1876 Open Championship

Tournament information
- Dates: 30 September, 2 October 1876
- Location: St Andrews, Scotland
- Course: Old Course at St Andrews

Statistics
- Field: 34 players
- Prize fund: £27
- Winner's share: £10

Champion
- Bob Martin
- 176, playoff

= 1876 Open Championship =

The 1876 Open Championship was the 16th Open Championship, held on Saturday 30 September at the Old Course at St Andrews, Fife, Scotland. Bob Martin won the Championship. He had tied with Davie Strath but Strath refused to take part in the playoff and Martin took the title. The combination of a large crowd and the fact that a number of Royal and Ancient Golf Club of St Andrews members were playing the course caused a number of problems. An objection was made against Strath for hitting a spectator at the 17th. The objection was not decided on the evening of the contest and Strath was informed that he would have to play on the Monday, under protest. Objecting to this arrangement, Strath refused to take part.

In the first round Strath reached the turn in 43 and finished with 86. Martin was 42 after the first nine but took 7 at the 17th and also finished on 86. Tom Morris, Sr. scored 90 while Park had a poor start (7-6-6), going out in 49 and finished with 94. In the second round Strath's second shot at the 14th struck a Mr. Hutton (upholsterer), "who was playing out", on the forehead and he fell to the ground. Strath was shaken by the event and scored 6 at the hole followed by another 6 at the next. His tee shot at the 17th ended in the Station Park but he was able to climb the wall and played his second well up the course.

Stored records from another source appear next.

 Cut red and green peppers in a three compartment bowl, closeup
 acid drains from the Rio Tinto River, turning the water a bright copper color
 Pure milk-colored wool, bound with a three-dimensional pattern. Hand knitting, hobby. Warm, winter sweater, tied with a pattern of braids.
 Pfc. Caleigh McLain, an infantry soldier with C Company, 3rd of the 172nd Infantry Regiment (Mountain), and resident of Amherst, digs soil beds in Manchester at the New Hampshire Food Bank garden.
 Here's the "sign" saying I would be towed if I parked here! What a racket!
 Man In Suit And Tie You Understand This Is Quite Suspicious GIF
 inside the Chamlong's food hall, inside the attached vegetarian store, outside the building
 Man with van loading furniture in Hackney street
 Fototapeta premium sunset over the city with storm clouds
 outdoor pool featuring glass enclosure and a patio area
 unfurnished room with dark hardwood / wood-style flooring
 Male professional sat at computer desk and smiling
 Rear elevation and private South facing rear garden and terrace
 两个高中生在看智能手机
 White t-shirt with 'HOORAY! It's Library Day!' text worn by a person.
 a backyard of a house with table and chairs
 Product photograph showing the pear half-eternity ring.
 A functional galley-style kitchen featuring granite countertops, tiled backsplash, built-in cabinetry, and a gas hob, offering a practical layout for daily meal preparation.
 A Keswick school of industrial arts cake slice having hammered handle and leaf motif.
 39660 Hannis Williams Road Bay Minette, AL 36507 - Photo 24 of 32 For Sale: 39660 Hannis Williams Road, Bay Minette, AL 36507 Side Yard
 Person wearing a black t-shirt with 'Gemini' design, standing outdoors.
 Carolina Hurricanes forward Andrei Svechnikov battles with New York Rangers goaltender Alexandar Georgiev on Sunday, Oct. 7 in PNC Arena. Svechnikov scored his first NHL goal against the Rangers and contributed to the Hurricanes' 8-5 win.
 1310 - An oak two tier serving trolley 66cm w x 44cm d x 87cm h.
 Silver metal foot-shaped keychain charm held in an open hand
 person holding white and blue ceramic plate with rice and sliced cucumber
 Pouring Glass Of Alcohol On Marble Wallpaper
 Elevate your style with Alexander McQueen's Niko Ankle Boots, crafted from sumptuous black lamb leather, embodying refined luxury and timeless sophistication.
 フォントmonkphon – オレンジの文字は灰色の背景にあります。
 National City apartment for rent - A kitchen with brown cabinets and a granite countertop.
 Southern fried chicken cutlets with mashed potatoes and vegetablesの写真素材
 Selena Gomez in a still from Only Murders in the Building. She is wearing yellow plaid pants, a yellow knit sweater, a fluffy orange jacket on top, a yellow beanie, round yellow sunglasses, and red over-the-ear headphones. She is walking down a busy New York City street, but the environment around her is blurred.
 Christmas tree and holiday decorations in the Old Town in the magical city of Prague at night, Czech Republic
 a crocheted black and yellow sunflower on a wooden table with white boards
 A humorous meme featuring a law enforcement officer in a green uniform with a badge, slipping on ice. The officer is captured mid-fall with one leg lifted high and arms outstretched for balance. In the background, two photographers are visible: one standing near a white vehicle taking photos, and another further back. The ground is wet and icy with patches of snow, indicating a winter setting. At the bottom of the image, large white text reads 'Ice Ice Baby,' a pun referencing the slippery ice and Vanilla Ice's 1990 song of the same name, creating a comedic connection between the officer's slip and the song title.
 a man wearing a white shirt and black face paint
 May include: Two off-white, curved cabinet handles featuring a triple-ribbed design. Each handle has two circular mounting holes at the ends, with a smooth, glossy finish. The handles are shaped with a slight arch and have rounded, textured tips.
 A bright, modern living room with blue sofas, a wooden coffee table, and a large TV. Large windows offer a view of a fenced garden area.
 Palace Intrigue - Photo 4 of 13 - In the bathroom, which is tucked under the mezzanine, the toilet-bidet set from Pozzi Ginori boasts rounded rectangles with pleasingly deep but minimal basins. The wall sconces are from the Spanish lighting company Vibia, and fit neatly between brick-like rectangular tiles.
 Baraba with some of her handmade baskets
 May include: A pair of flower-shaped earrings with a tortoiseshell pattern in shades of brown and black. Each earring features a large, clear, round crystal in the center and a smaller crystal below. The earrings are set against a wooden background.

There was now a large crowd and Strath's third shot "struck some party standing near the hole" which stopped it and he holed out for a 5, finishing with a 6 for a round of 90. Martin finished 7-5 and also scored 90. Park scored 89 to finish in third place.

The Open was played, like the 1873 tournament, during the Royal and Ancient autumn meeting at St Andrews and many members of the club were playing golf among the competitors. "The links were so crowded by golfers so as to interrupt the play. Often several of the couples had to stand waiting before they could play up to the putting greens. Indeed, to this fact may be traced the unfortunate result of the competition." "The members of the Royal and Ancient might have exercised that courtesy which is invariably accorded them on their medal days." "At the close it was found that Davie Strath and Bob Martin had tied at 176, but the former having, it is said, infringed one of the rules by playing before a previous couple had holed out, and striking one of the spectators, objection was lodged and the matter has been referred to the Club Council. The playoff was due to be played on the Monday "under protest, but Strath refused to do so, and Martin walked over the course." It seems that Club Council were to make their decision after the playoff but Strath felt that the decision should be made before the playoff and refused to take part.

This was the third occasion (after 1870 and 1872) that Strath was runner-up in the Open Championship. He fell ill with consumption in 1878 and went to Australia to recover. He died there in 1878.

==Final leaderboard==
(Source):

Saturday, 30 September 1876

| Place | Player | Score | Money |
| T1 | SCO Bob Martin | 86-90=176 | Playoff |
| SCO Davie Strath | 86-90=176 |
| 3 | SCO Willie Park, Sr. | 94-89=183 | £4 |
| T4 | SCO Tom Morris, Sr. | 90-95=185 | Playoff |
| SCO Mungo Park | 95-90=185 |
| SCO Willie Thomson | 90-95=185 |
| 7 | ENG Henry Lamb (a) | 94-92=186 | − |
| T8 | SCO Walter Gourlay | 98-89=187 | Playoff |
| SCO Bob Kirk | 95-92=187 |
| SCO George Paxton | 95-92=187 |

===Playoff===
(Source):

Monday, 2 October 1876

Martin and Strath were due to play an 18-hole playoff but Strath refused to play and the Championship was awarded to Martin. Martin took the first prize of £10 while Strath took £5 for second place.

Morris, Park and Thomson, who tied for fourth place, had a playoff on Monday morning. Tom Morris, Sr. (92) took 4th prize of £3, Mungo Park (94) took 5th prize of £2 while Willie Thomson (96) took 6th prize of £1 10s. Park played with Thomson while Morris played with Willie Park who also scored 92. Morris was out in 43 which included a two at the 8th hole.

There was further playoff on Monday for seventh place. Bob Kirk (94) took 7th prize of £1 (Henry Lamb, as an amateur, could not accept the 7th place prize money). Gourlay (104) took 10s for 8th prize. It seems that George Paxton did not compete.